Proberly won't make any noticable difference, but you are using rgb(0,0,0) a lot. Instead of calculating the colour each time you can store it in a variable and compare against that variabe.
global _black as integer
_black = rgb(0,0,0)
Then to compare
if memblock dword(1,(px*4)+(py*4*640)) <> _black
instead of
if memblock dword(1,(px*4)+(py*4*640)) <> rgb(0,0,0)

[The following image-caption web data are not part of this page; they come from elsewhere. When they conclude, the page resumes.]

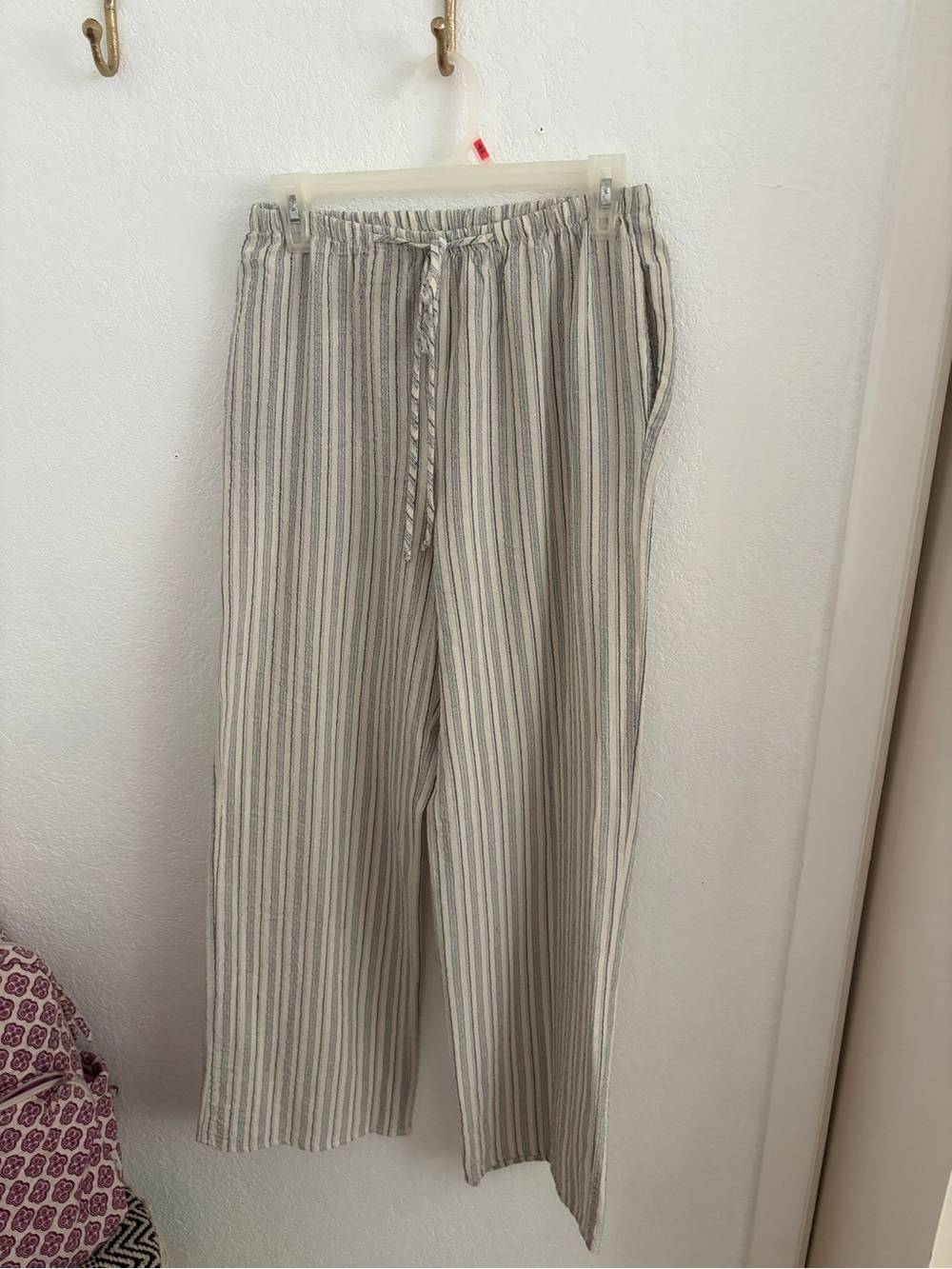 Sienna Sky women's Vertical Stripe Drawstring Pants - Beige & Gray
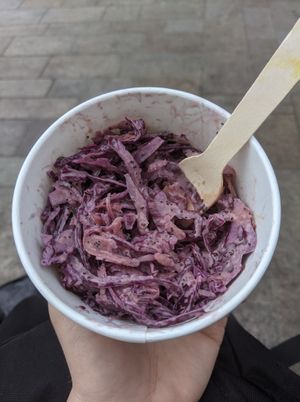 Purple creamy slaw by Vausages at Vausages in Lichfield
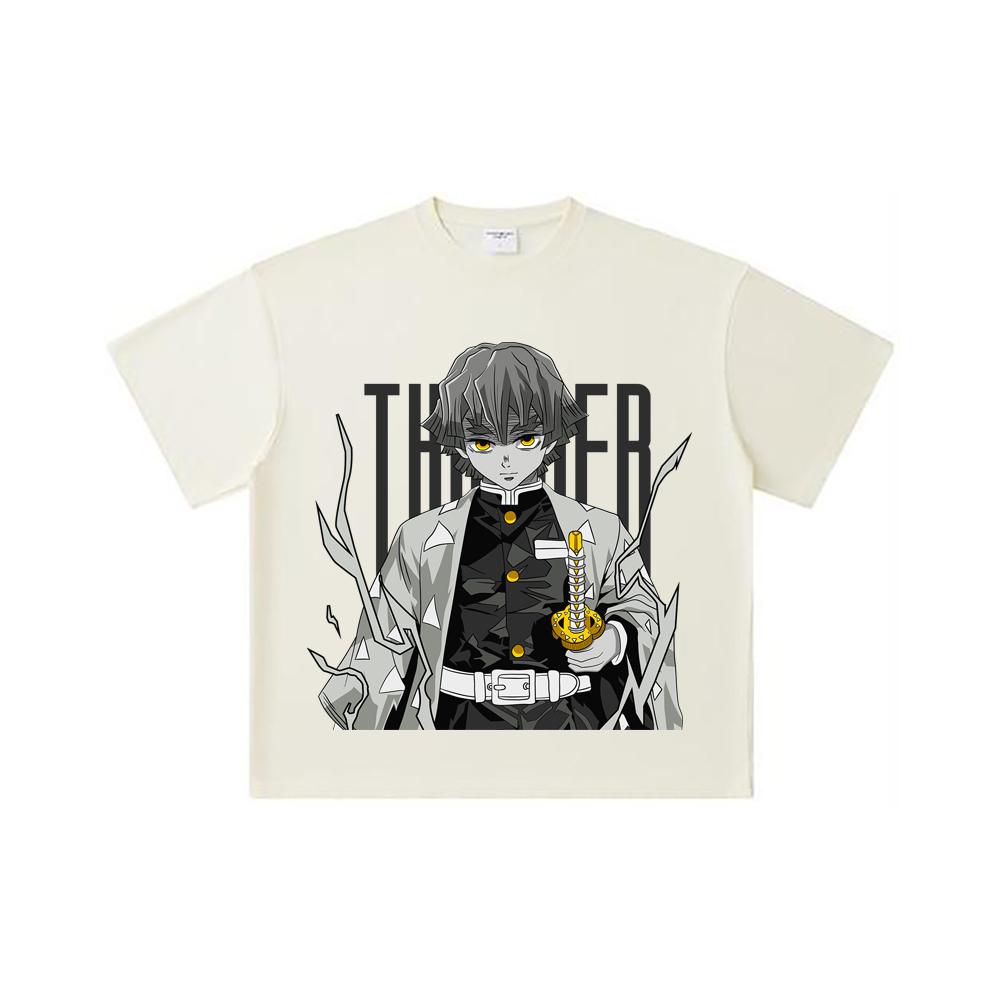 

260 GSM Double Yarn 32 Count 100% Cotton Demon Slayer V67 Zenitsu Print Unisex Heavy Cotton T Shirt S абрикосовый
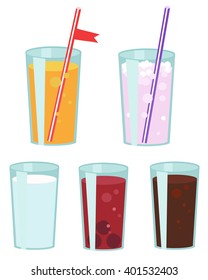 vector image of glasses with different drinks - juice, milk, tea, cocktail
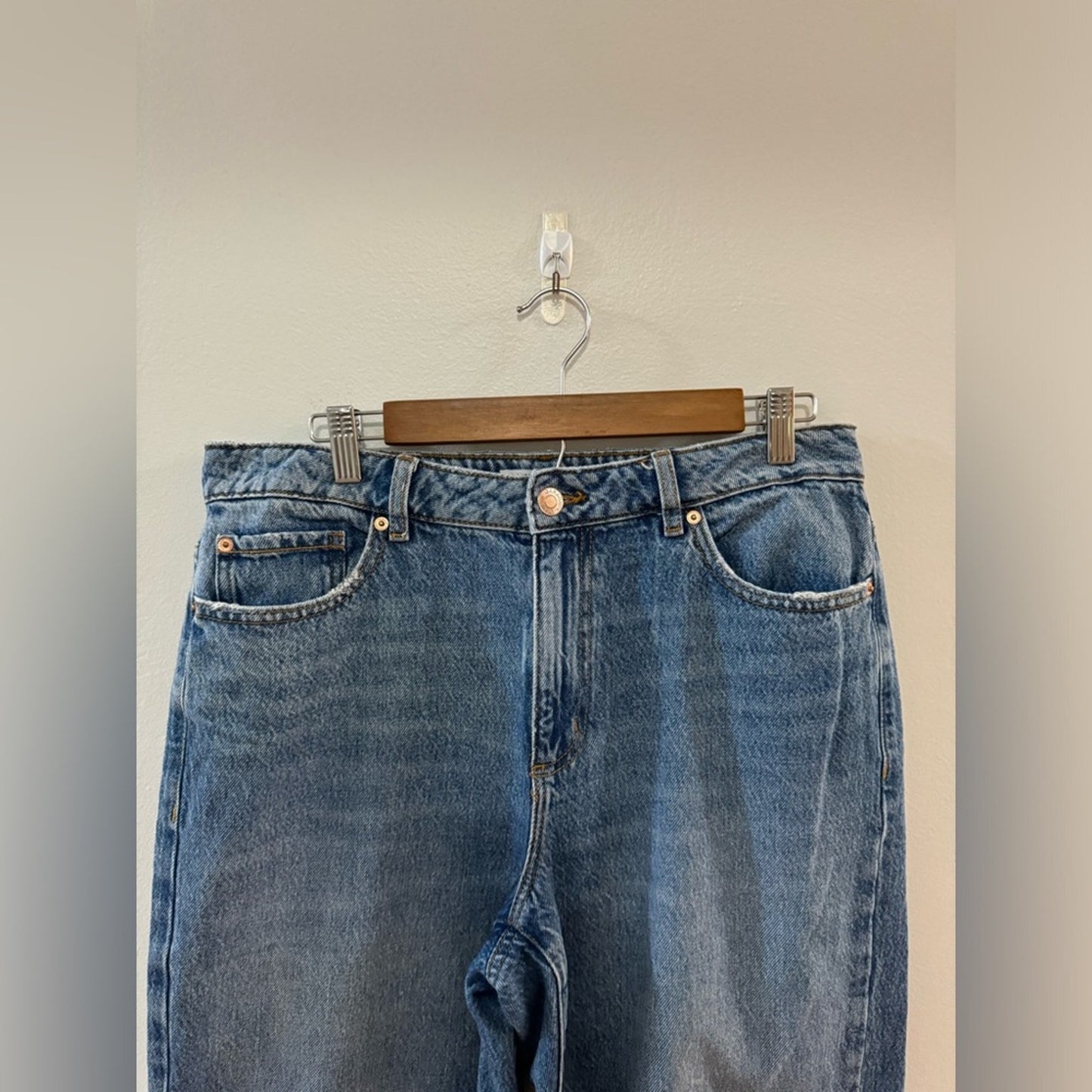 Pre-Owned Size 11 Garage Denim Wide Leg Blue Jeans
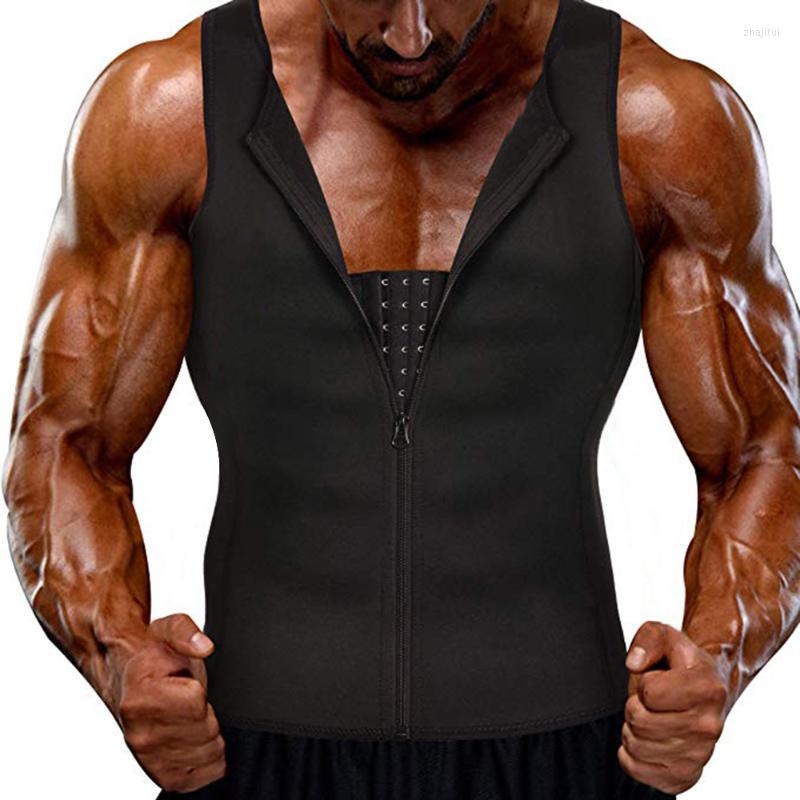 

Men' Body Shapers Men' Shaper Slimming Waist Trainer Zipper Sports 2022 Sauna Sweat Corset Vest Weight Loss Shapewear Tank Top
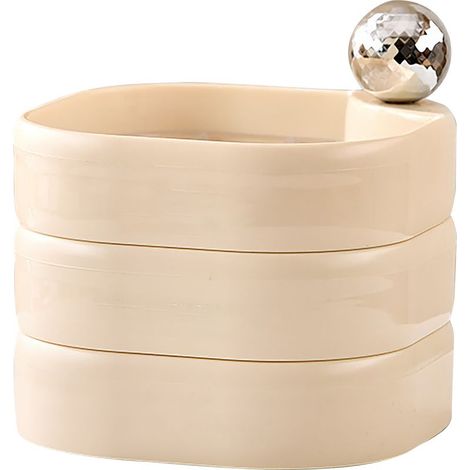 Mehrschichtige, drehbare Schmuckschatulle aus oxidationsbeständigem Kunststoff, elegantes Schmuckkästchen für Armbänder und Ohrringe, cremefarben, ideal für Reisen. (1/5)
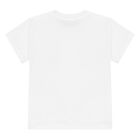 Younger Boys White & Beige Teddy Bear Logo Shorts Set, 1, hi-res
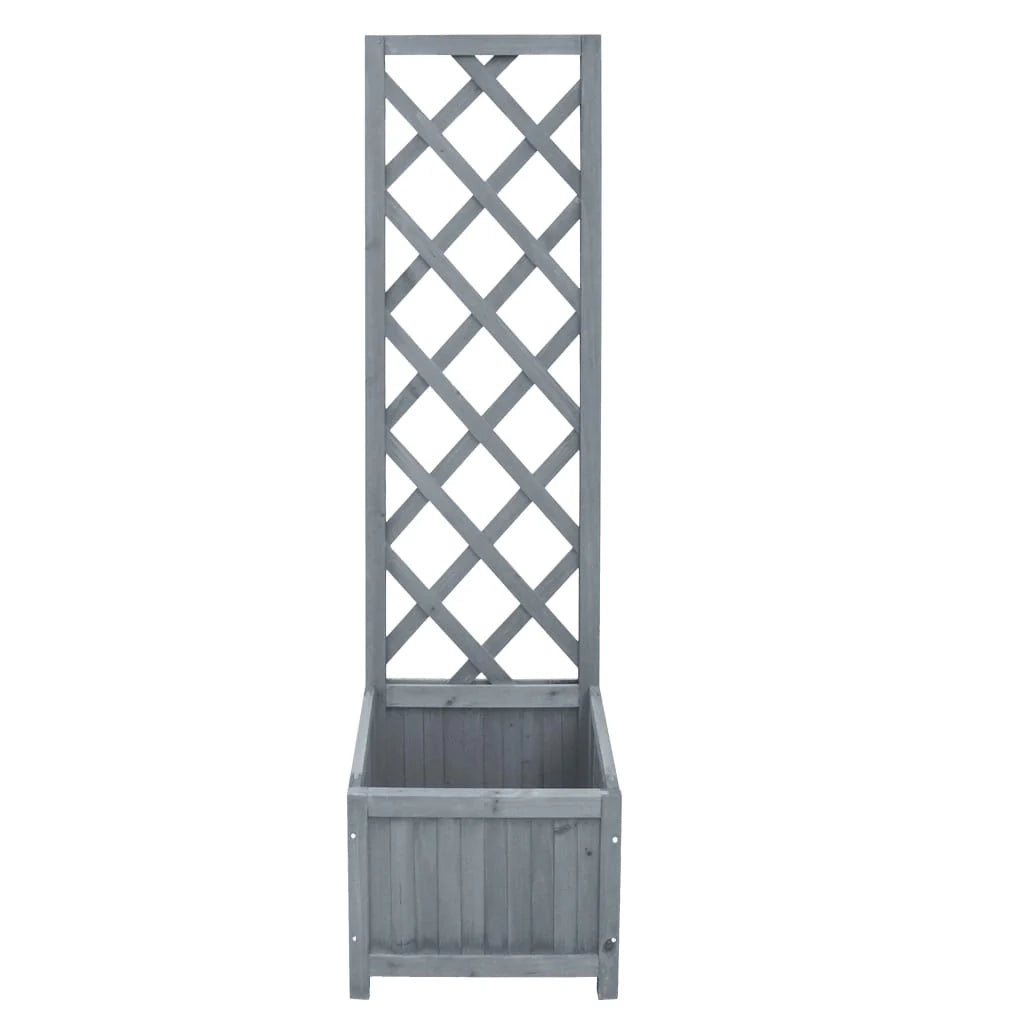 Aiuola rialzata/fioriera per piante fiori terrazza giardino traliccio 40 x 30 x 135 cm legno massello di abete grigio 02_0038597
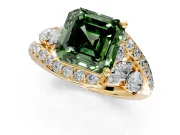 Halo Engagement Ring Setting for Fancy Green Asscher Cut Center with Marquise and Pave Bypass Band and Prong Head in Yellow Gold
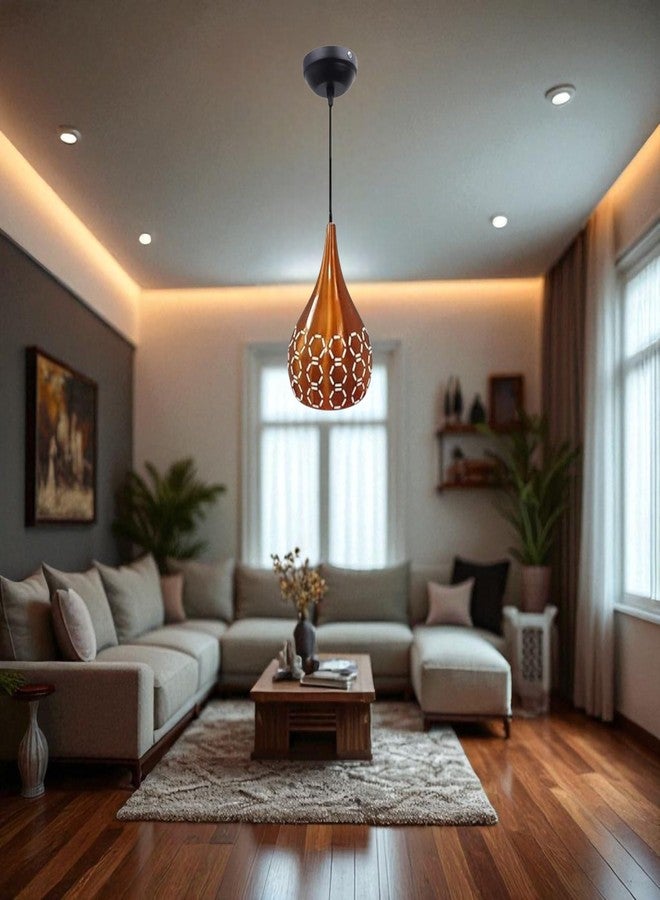 GreyWings Metal Cut Hanging Light Ceiling Pendant Lamp, Orange (Copper Color) Pack of 1 - Image 2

I can't remember if DOT commands are sped up by locking the pixels fist. You could try moving the UNLOCK PIXELS command to just above the text command in the main loop so the DOT command is done with the pixels locked.
do
`write memory to screen
lock pixels
copy memory get pixels pointer(),get memblock ptr(1),memsize
`make pixels around the mouse active
if mouseclick()>0
active_pixel(mousex(),mousey())
active_pixel(mousex()+1,mousey())
active_pixel(mousex(),mousey()+1)
active_pixel(mousex()-1,mousey())
active_pixel(mousex(),mousey()-1)
endif
pixmove()
unlock pixels
set cursor 0,0
print screen fps()
sync
loop
Perhaps precalculate some of the often done calculations. You multiply by 640*4 a lot. You could either use 2560 or stick the result in a variable and mulitply by that instead of calculating 640*4 thousands of times a second.
Most of the slowdown is comming from copying all the memory to the screen each looop.
It might be faster to use a proper image memblock, do all manipulation on that memblock and paste it to the screen each loop but I don't know for sure.